Development of a Budyko-Based Snow Representation for Better Streamflow Predictions

(Left) Diagram of the hydrological partitioning process of the snow augmented ZDWBM (left) and the corresponding flowchart (right). / (Right) Comparison of NSE for the proposed model and original ZDWBM.

__We improved Zhang’s monthly water balance model (a physics-based conceptual hydrologic model) that reflects the physical partitioning process of the hydrological cycle at the basin level based on regional climate and catchment characteristics. The existing model does not include snow process and has confronted evident limitations in snow-affected areas, which is a critical aspect since snowmelt water has been a significant source of water resources for many regions, especially in the temperate and frigid zones. To this end, we introduce a snow module based on surface energy balance and Budyko-limits on melting and combine it with the existing water balance equations. Moreover, monthly parameterization is applied to the model to better explain the time-varying hydrological characteristics of a catchment.

Related Publication(s):

Hwang, J., & Devineni, N. (2022). An improved Zhang’s Dynamic Water Balance Model using Budyko‐based snow representation for better streamflow predictions. Water Resources Research, e2021WR030203.

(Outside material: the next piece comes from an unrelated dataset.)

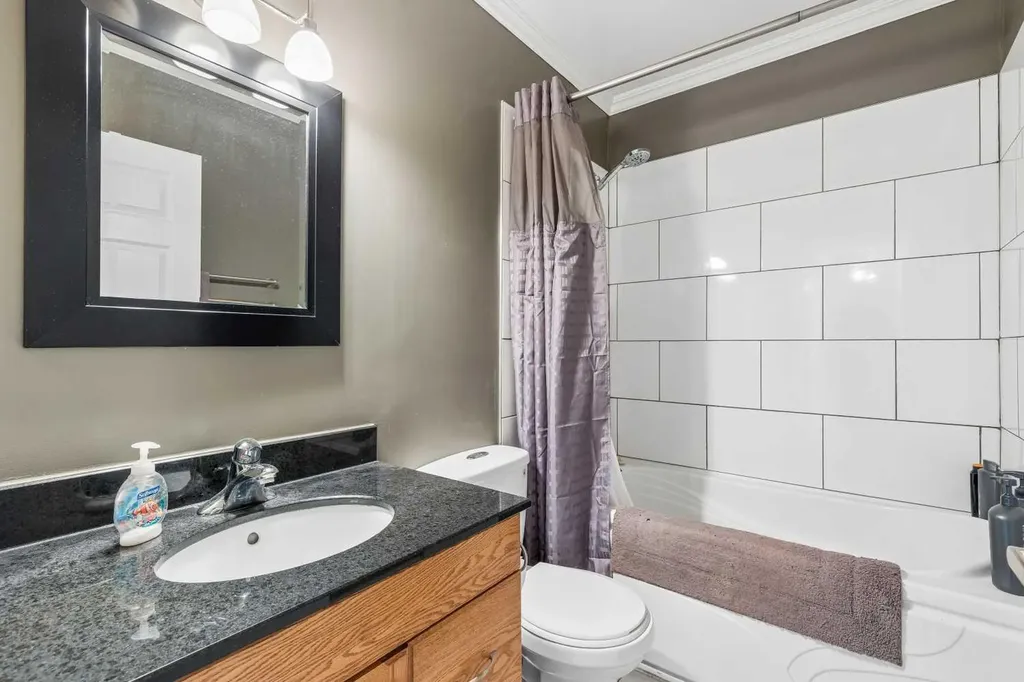 1232 Danloe Street NE Calgary AB T2E8X6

Git Repository for ZDWBM-msnow: https://github.com/JHwangHydro/ZDWBM-msnow

Evaluation of the Local and Cumulative Impacts of Reservoirs on Streamflow Regimes

(Left) Spatial distribution of the 26 selected USGS streamflow gauging stations and 61 intermediate-to-large NID dams across the Colorado River Basin (including both Upper and Lower Colorado Basins). / (Right) Simplified diagram of the riverine network with the local and cumulative alterations measured for both the annual (a) and multi-annual frequency bands (b). Dam-induced local regulations are represented with triangles, and cumulative alterations are denoted with circles.

__Despite the positive services that the natural river provides, most inland waterways within the continental United States are now artificially altered by thousands of dams simultaneously distorting the magnitude and periodicity of the natural streamflow directly under various purposes. We examined the highly regulated Colorado River Basin to understand how flow alteration propagates over space regarding both magnitude and periodicity as influenced by dam operations. This analysis will contribute to a more objective evaluation of operating rules for reservoir systems.

Related Publication(s):

Hwang, J., Kumar, H., Ruhi, A., Sankarasubramanian, A., & Devineni, N. (2021). Quantifying Dam‐Induced Fluctuations in Streamflow Frequencies Across the Colorado River Basin. Water Resources Research57(10), e2021WR029753.

Ruhi, A., Hwang, J., Devineni, N., Mukhopadhyay, S., Kumar, H., Comte, L., Worland, S., Sankarasubramanian, A. (2022). How does flow alteration propagate across a large, highly regulated basin? Dam attributes, network context, and implications for biodiversity. Earth’s Future, In press.